Exercise prompt: Could you repeat exactly the lines from the one containing "Lunaria annua. Цветок" through the last line of the records, with no pictures?

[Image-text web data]
───
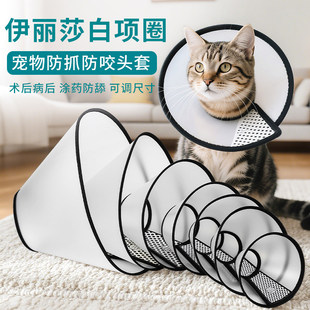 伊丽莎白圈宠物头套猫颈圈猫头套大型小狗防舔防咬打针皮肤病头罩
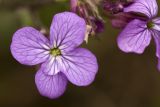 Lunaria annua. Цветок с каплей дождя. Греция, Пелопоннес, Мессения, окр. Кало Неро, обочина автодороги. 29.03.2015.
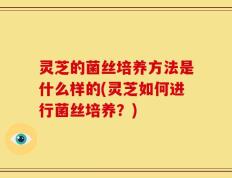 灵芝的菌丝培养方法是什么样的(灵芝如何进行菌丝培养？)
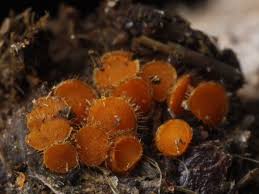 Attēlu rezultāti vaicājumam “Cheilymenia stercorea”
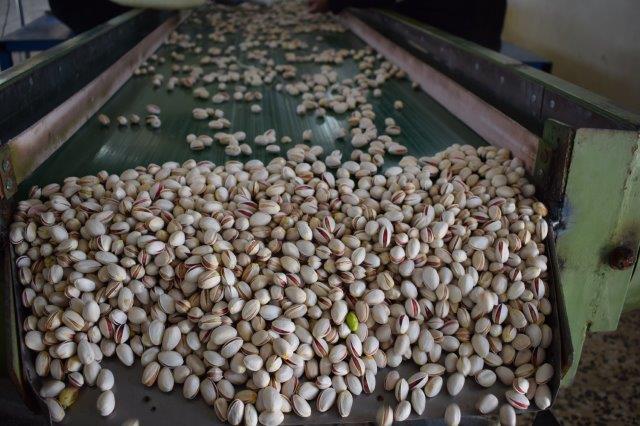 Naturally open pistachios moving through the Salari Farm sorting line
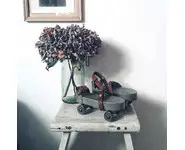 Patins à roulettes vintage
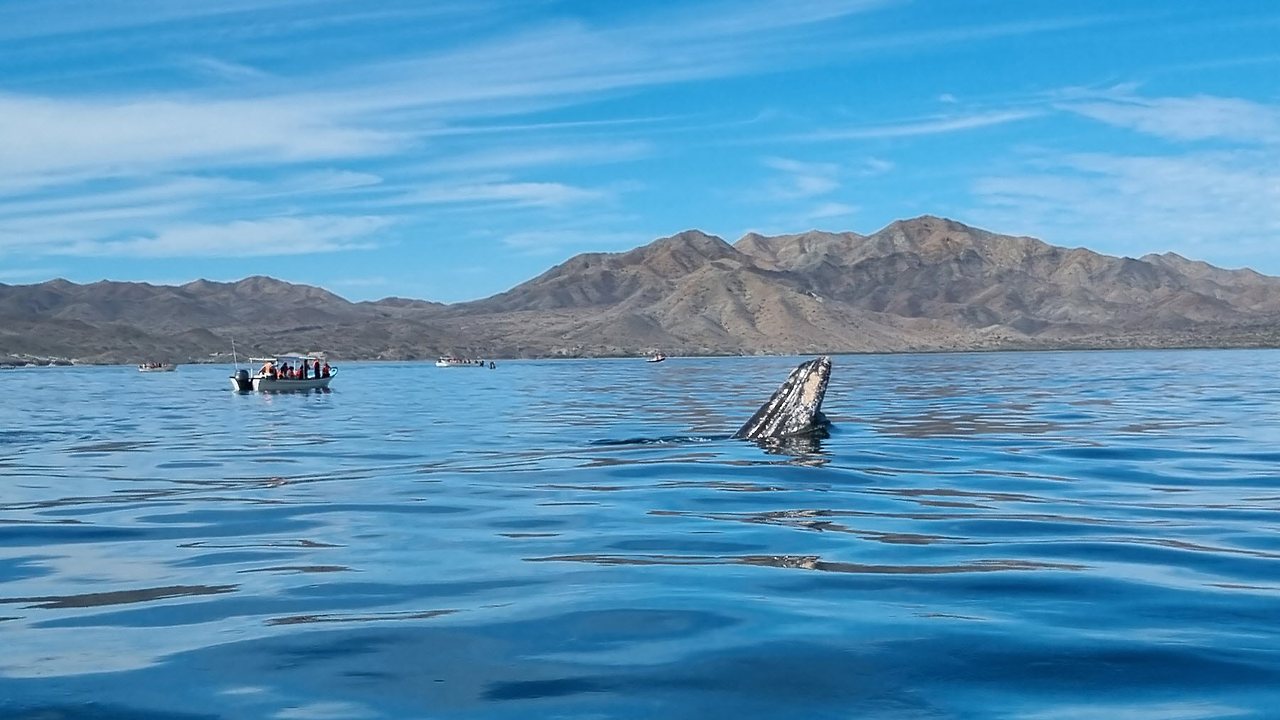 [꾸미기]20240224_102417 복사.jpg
───
Solution to this problem:
 Lunaria annua. Цветок с каплей дождя. Греция, Пелопоннес, Мессения, окр. Кало Неро, обочина автодороги. 29.03.2015.
 灵芝的菌丝培养方法是什么样的(灵芝如何进行菌丝培养？)
 Attēlu rezultāti vaicājumam “Cheilymenia stercorea”
 Naturally open pistachios moving through the Salari Farm sorting line
 Patins à roulettes vintage
 [꾸미기]20240224_102417 복사.jpg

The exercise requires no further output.